Das Todesopfer liegt von Kugeln durchsiebt auf dem schmalen Gang eines Hinterhofs. Die Polizeibeamten stülpen gelangweilt ein paar schwarze Müllsäcke über den leblosen Körper und schmeißen ihn wie einen verfaulten Rinderkadaver auf die Ladefläche ihres Pick-Up-Trucks. Kleine Kinder stehen lächeln daneben, schauen kurz und widmen sich dann doch lieber ihrem Fußball. Das Auto mit der Leiche braust davon – ein gewöhnlicher Tag in Soyapango, einer Vorstadt von San Salvador.

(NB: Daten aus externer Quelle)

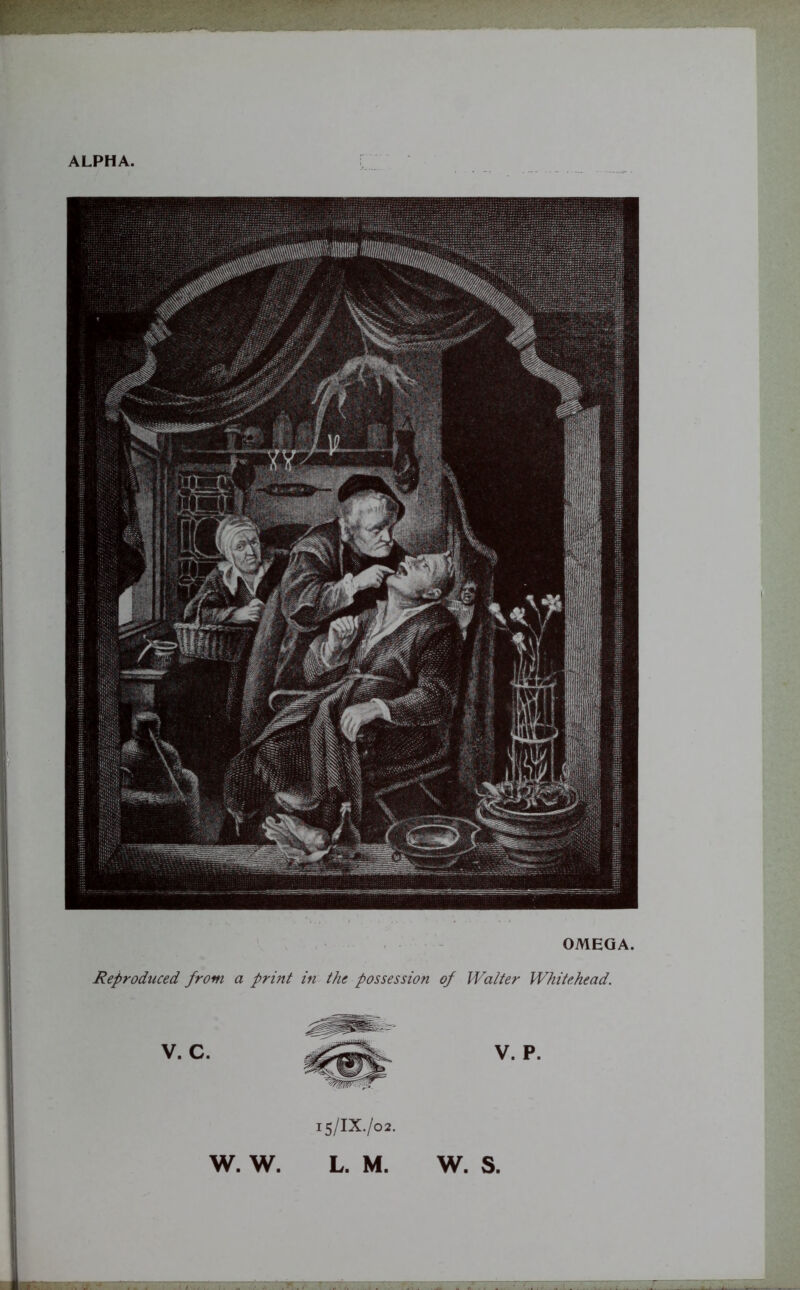 ALPHA. OMEGA. Reproduced from a print in the possession of Walter Whitehead. 15/IX./02. W. W. L. M. W. S.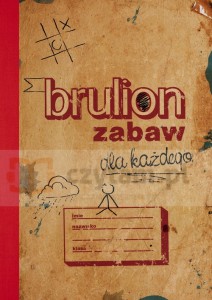 Brulion zabaw dla każdego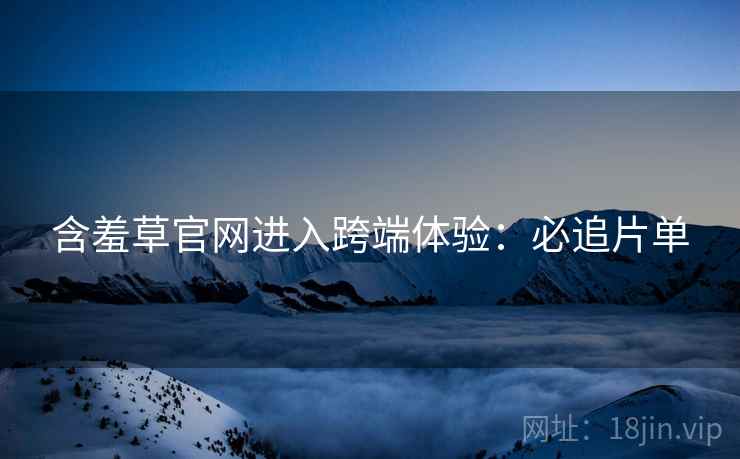 含羞草官网进入跨端体验：必追片单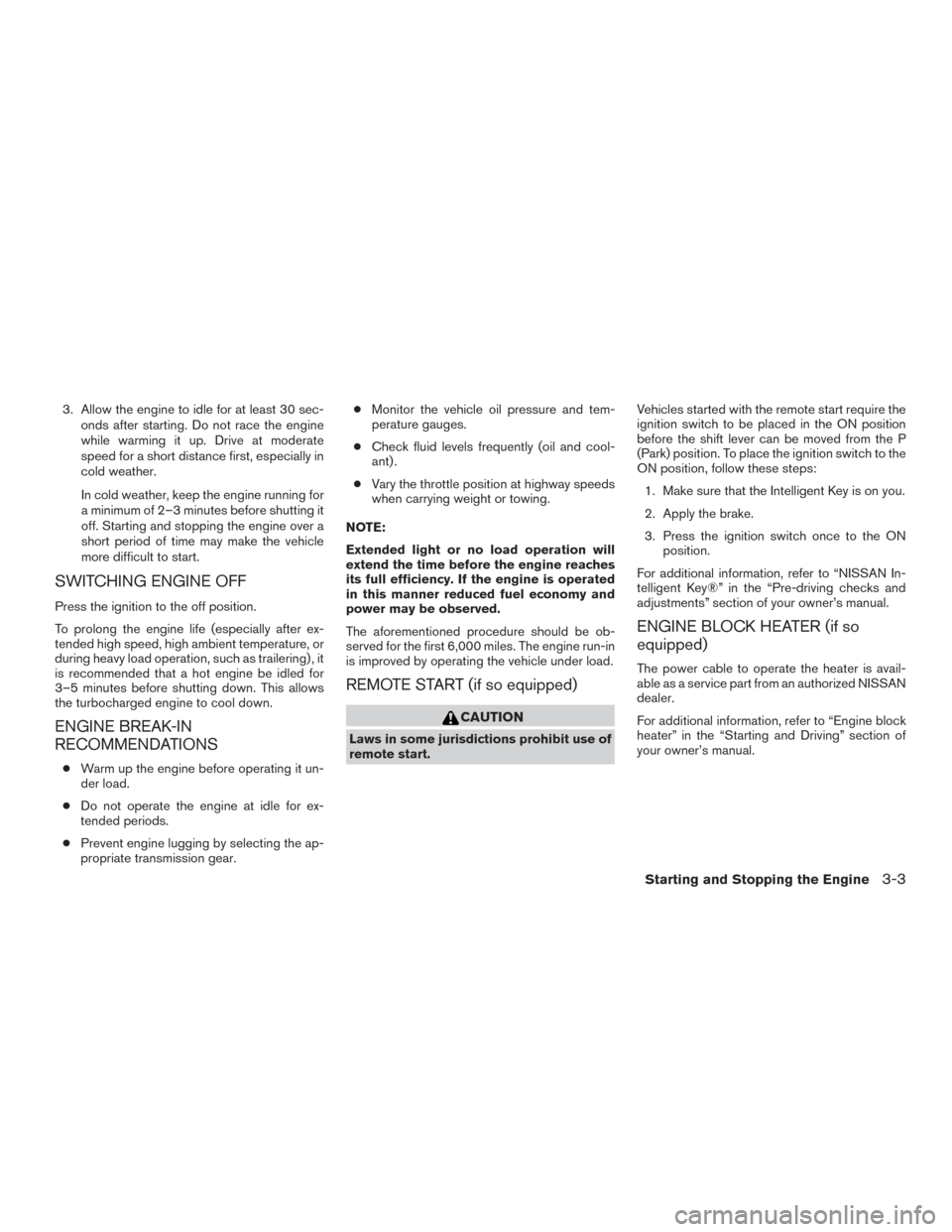 NISSAN TITAN 2016 2.G Owners Manual 3. Allow the engine to idle for at least 30 sec-onds after starting. Do not race the engine
while warming it up. Drive at moderate
speed for a short distance first, especially in
cold weather.
In cold NISSAN TITAN 2016 2.G Owners Manual 3. Allow the engine to idle for at least 30 sec-onds after starting. Do not race the engine
while warming it up. Drive at moderate
speed for a short distance first, especially in
cold weather.
In cold
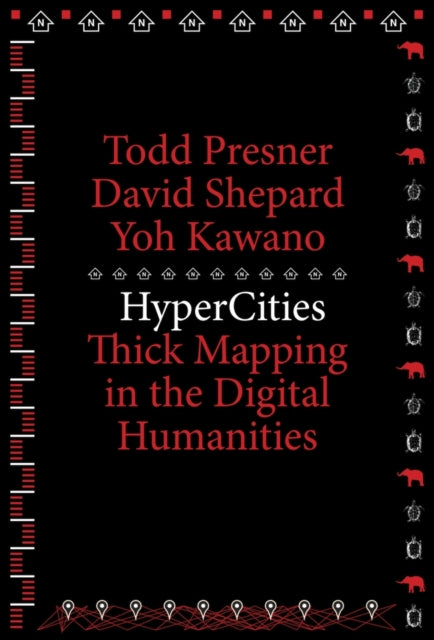 HyperCities: Thick Mapping in the Digital Humanities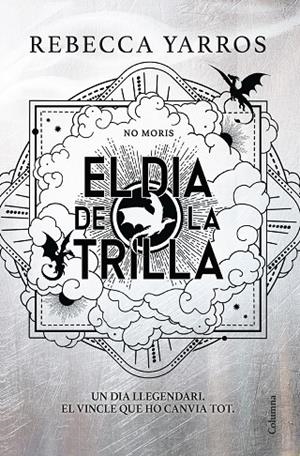 EL DIA DE LA TRILLA (EMPIRI) | 9788466435673 | YARROS, REBECCA | Llibreria Online de Tremp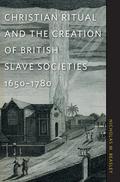 Christian Ritual and the Creation of British Slave Societies, 1650–1780 (Race in the Atlantic World, 1700–1900 #1) by Nicholas M. Beasley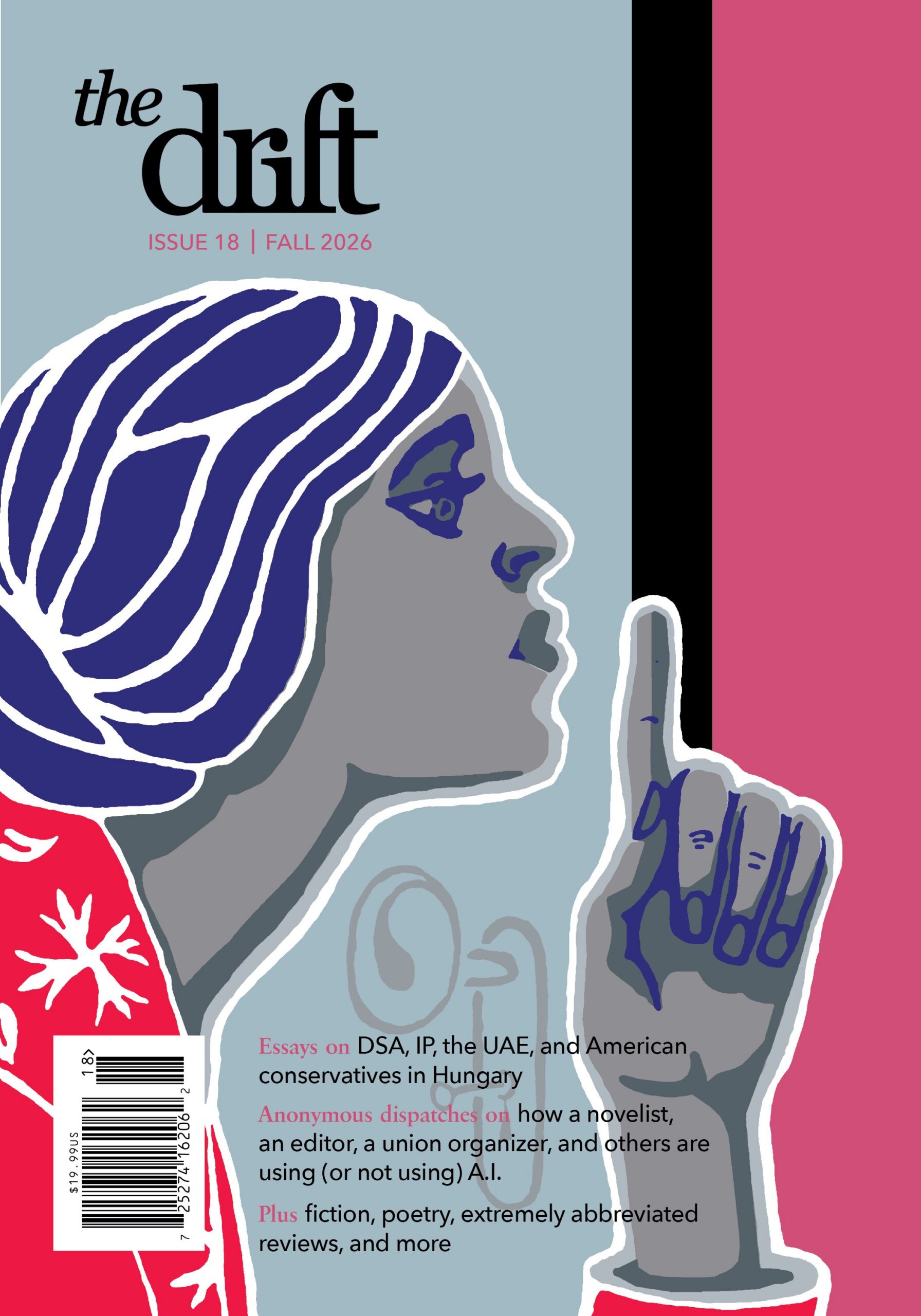 On the cover of The Drift's Issue 18, a women is making a shush motion while looking out the door.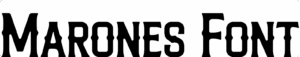 Marones Font Download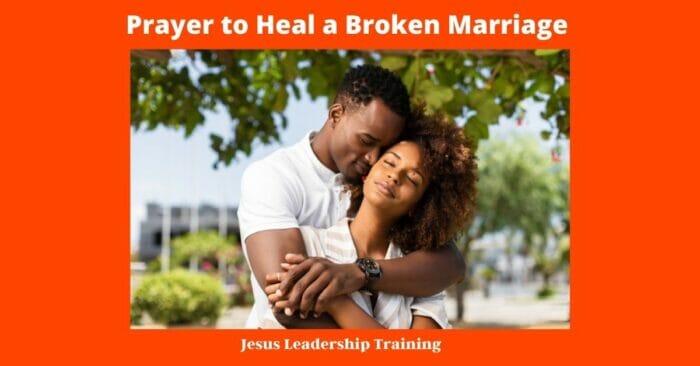 Prayer to Heal a Broken Marriage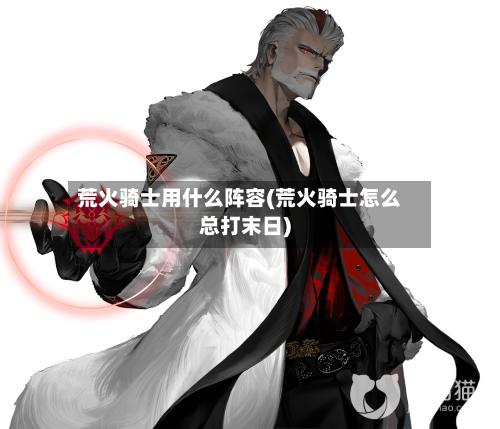 荒火骑士用什么阵容(荒火骑士怎么总打末日)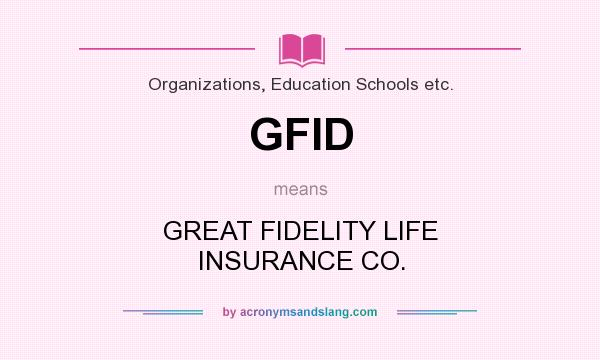 What does GFID mean? It stands for GREAT FIDELITY LIFE INSURANCE CO.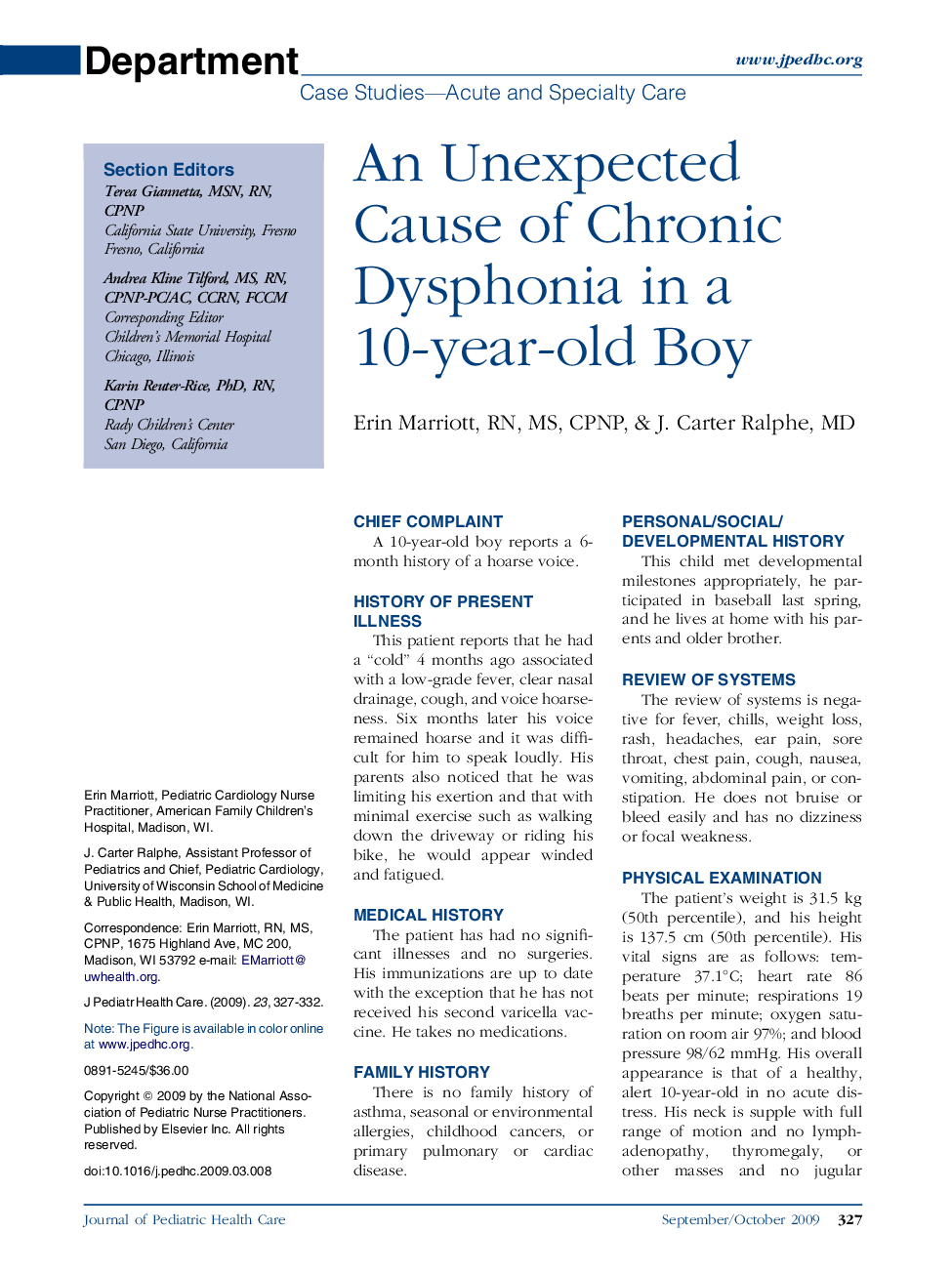 An Unexpected Cause of Chronic Dysphonia in a 10-year-old Boy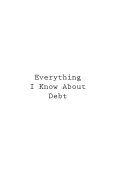 Everything I Know about Debt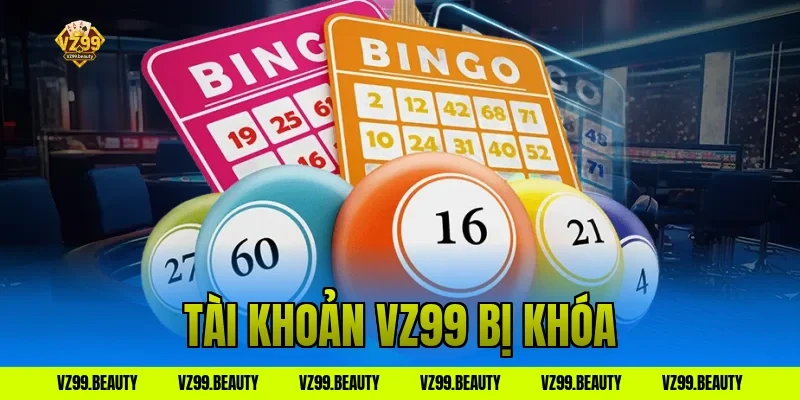 tài khoản vz99 bị khóa
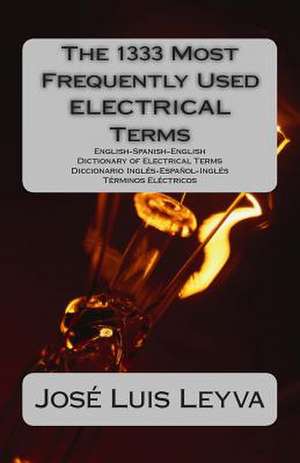 The 1333 Most Frequently Used Electrical Terms de Jose Luis Leyva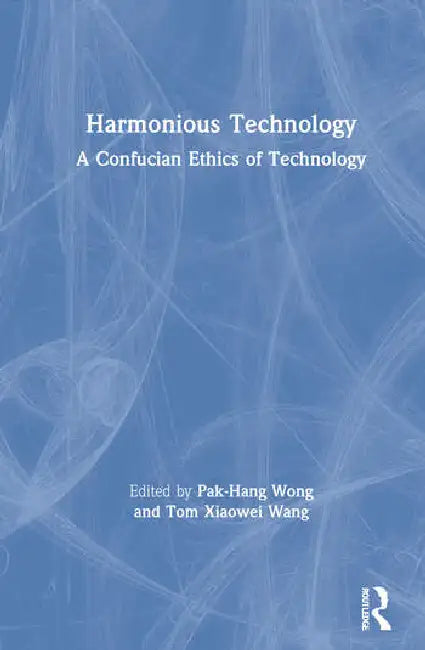 Harmonious Technology (English, Wong Pak-Hang | Tom Wang)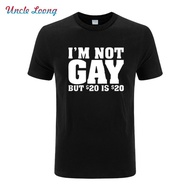 Sale New Year Sanc6 1 Cotton T-Shirt Printed I'M Not Gay But 20 Bucks Is 20 Oversize XS-6XL For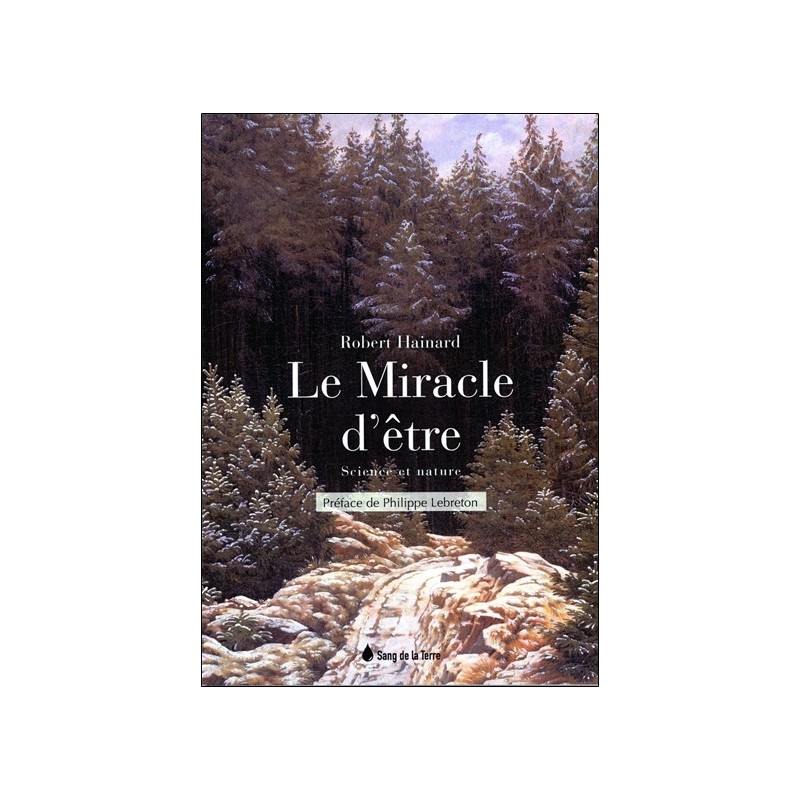 Le Miracle d'être - Science et nature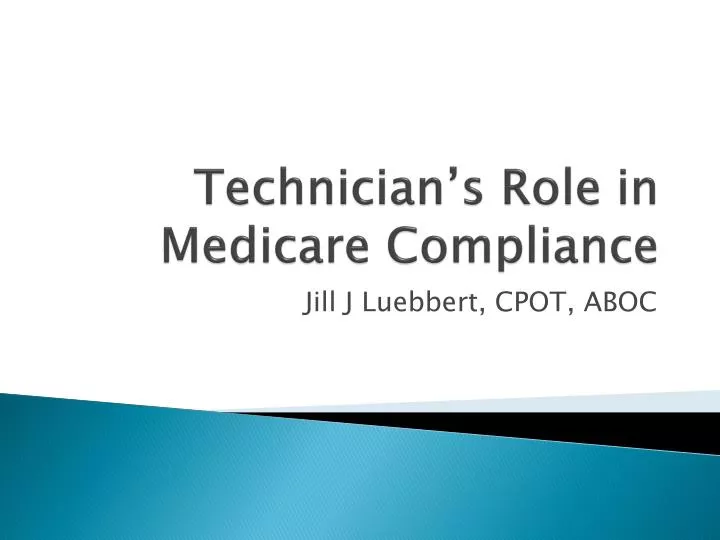 technician s role in medicare compliance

Die Dokumentation des Franzosen Christian Poveda ist kein Gangfilm wie „City of God“. Die von ihm beschriebene Gewalt ist roh, von unfassbarer Brutalität, ohne Hoffnung auf ein Ende. Es gibt keine Helden oder Antihelden, keine vermeintlich coolen Gangster oder eine Ästhetisierung des Milieus, in der Bandenmitglieder zu starken Pistoleros verklärt werden. „La vida loca“ ist ein Film, in dem es nur Verlierer gibt und keine moralischen Gewinner.

Christian Poveda arbeitete drei Jahre an seinem Film über die „Mara 18“, eine der brutalsten Gangs in Lateinamerika, die sich an den berüchtigten Gangs von Los Angeles orientiert. Die Mitglieder tragen als Zugehörigkeit zahlreiche Tätowierungen auf ihren Körpern, manche sogar im Gesicht. Sie sind mit einer anderen lokalen Mara-Bande, der „MS“, verfeindet, und es gilt das Gesetz der Blutrache. Ein Opfer fordert automatisch das nächste – und davon gibt es viele in diesem Film.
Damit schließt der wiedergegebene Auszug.